I am trying to write a short script to cluster my data via clojure (calling
Mahout classes though). I have my input data in this format (which is an output
from a [php script][1])
format: (tag) (image) (frequency)
tag_sit image_a 0
tag_sit image_b 1
tag_lorem image_a 1
tag_lorem image_b 0
tag_dolor image_a 0
tag_dolor image_b 1
tag_ipsum image_a 1
tag_ipsum image_b 1
tag_amit image_a 1
tag_amit image_b 0
... (more)
Then I write them into a SequenceFile using this script (clojure)
#!./bin/clj
(ns sensei.sequence.core)
(require 'clojure.string)
(require 'clojure.java.io)
(import org.apache.hadoop.conf.Configuration)
(import org.apache.hadoop.fs.FileSystem)
(import org.apache.hadoop.fs.Path)
(import org.apache.hadoop.io.SequenceFile)
(import org.apache.hadoop.io.Text)
(import org.apache.mahout.math.VectorWritable)
(import org.apache.mahout.math.SequentialAccessSparseVector)
(let [output_path (new Path "test/sensei")
hadoop_configuration ((fn []
(let [conf (new Configuration)]
(. conf set "fs.default.name"
"hdfs://127.0.0.1:9000/")
conf)))
hadoop_fs (FileSystem/get hadoop_configuration)

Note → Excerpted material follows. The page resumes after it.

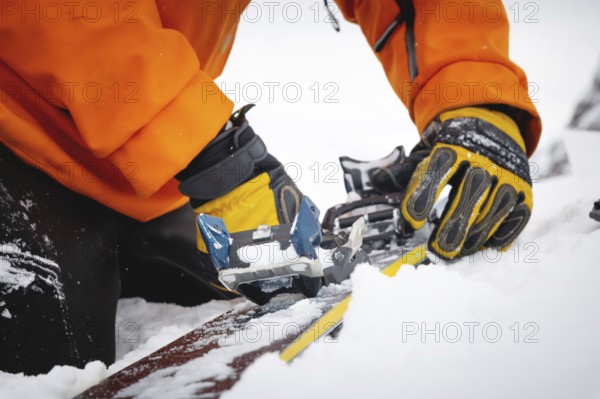 A close-up of the ski bindings as they are set up for backcountry skitouring. Sports facility skiing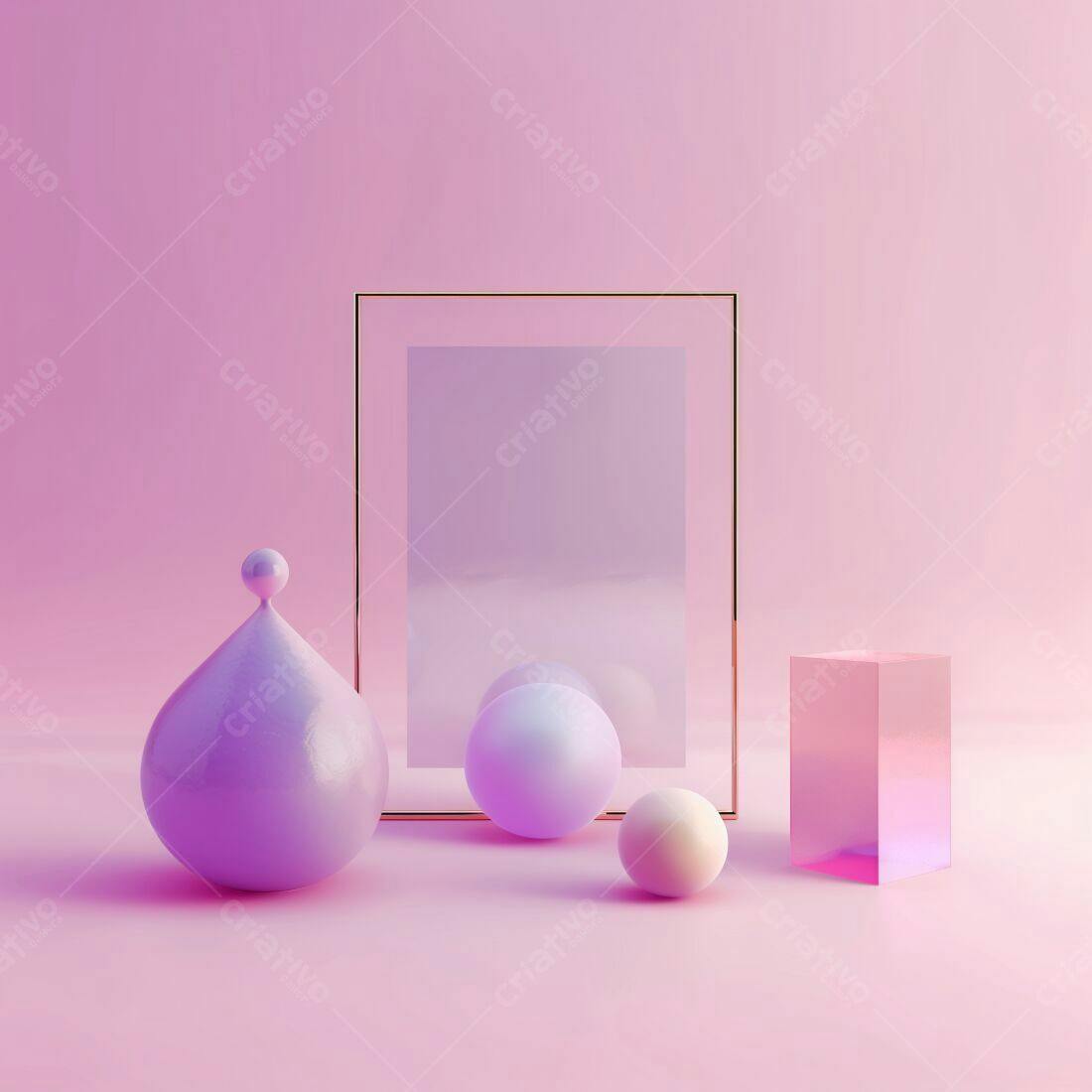 Composição Abstrata Rosa com Formas Geométricas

writer (SequenceFile/createWriter
hadoop_fs
hadoop_configuration
output_path
Text
VectorWritable)
write-vector (fn [input]
(let [[tag photo_list] input
output_vector (new VectorWritable)]
(. writer append
(new Text tag)
(let []
(. output_vector set
((fn [row_vector index frequency_list]
(if (empty? frequency_list)
row_vector
(let []
(. row_vector set
index
(Integer/parseInt (first
frequency_list)))
(recur
row_vector
(inc index)
(rest frequency_list)))))
(new SequentialAccessSparseVector (count
(vals photo_list)))
0
(vals photo_list)))
output_vector))))
process_lines (fn [lines, processor]
(processor
(reduce
(fn [current next_line]
(let [[tag photo frequency]
(clojure.string/split next_line #" ")]
(if (nil? (first current))
(vector tag {photo frequency})
(if (= (first current) tag)
(vector (first current) (assoc (first
(rest current)) photo frequency))
(let [] (processor current) (vector
tag {photo frequency}))))))
[]
lines)))
process_file (fn [file_name]
(with-open [rdr (clojure.java.io/reader file_name)]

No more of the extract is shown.